Cystic fibrosis is a multi-system disease typically manifesting in childhood with pancreatic insufficiency and malnutrition in addition to pulmonary symptoms. All CF patients had established pulmonology care years prior to transplant eligibility. CF patients also had a lower BMI compared to their PF counterparts, likely due both to their younger age and CF-associated pancreatic insufficiency. For CF patients, being underweight was a common relative contraindication. The greater proportion of depression/anxiety and alcohol/substance misuse among our patients with CF is also worth noting and is consistent with rates published in the literature.14,15 Mental health issues may decrease adherence and increase risky behavior which are both contraindications for transplant. During work-up, patients with CF may benefit from specialized attention regarding nutrition and mental health.

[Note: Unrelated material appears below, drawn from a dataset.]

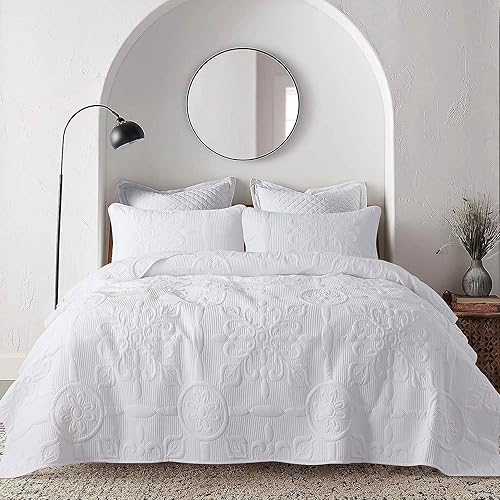 Juego de edredón de damasco blanco, tamaño California California King, con 2 fundas de almohada, colcha bohemia de gran tamaño, ligera, suave,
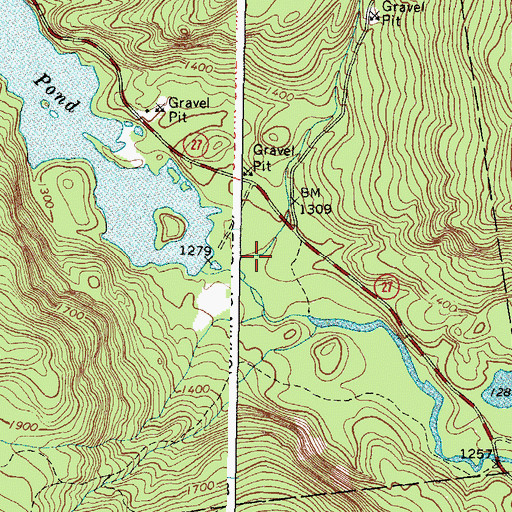 Topographic Map of Gold Brook, ME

Pulmonary fibrosis represents the final common pathway for a wide variety of disease processes. Patients with PF experience delays in diagnosis, referral, and completion of work-up. Patients with PF may face delays between symptom onset and diagnosis, which may contribute to delays in appropriate management and referral.16 While all PF patients were seen at UCMC as outpatients, only 74% had seen a pulmonologist. In addition, referred PF patients were more likely to have significant clinical co-morbidities such as scleroderma or obesity. The presence of these relative contraindications and associated risks may also help explain the large time gap between transplant-eligibility and waitlist appearance and the lower probability of ever appearing on the waitlist, as these conditions may overshadow their lung disease. Patients with PF related to rheumatologic disease may require an integrated systems approach to address multiple disease manifestations. Access to nutritionists, social workers, and physical therapists, in addition to medical subspecialists, may help to reduce morbidity among PF patients. These patients should receive early counseling on physical activity and weight control to reduce the incidence of obesity.1719 Later as the candidates’ disease progresses, an integrated approach to risk reduction requires pulmonary rehabilitation and continued optimization of BMI to maximize clinical eligibility for lung transplant.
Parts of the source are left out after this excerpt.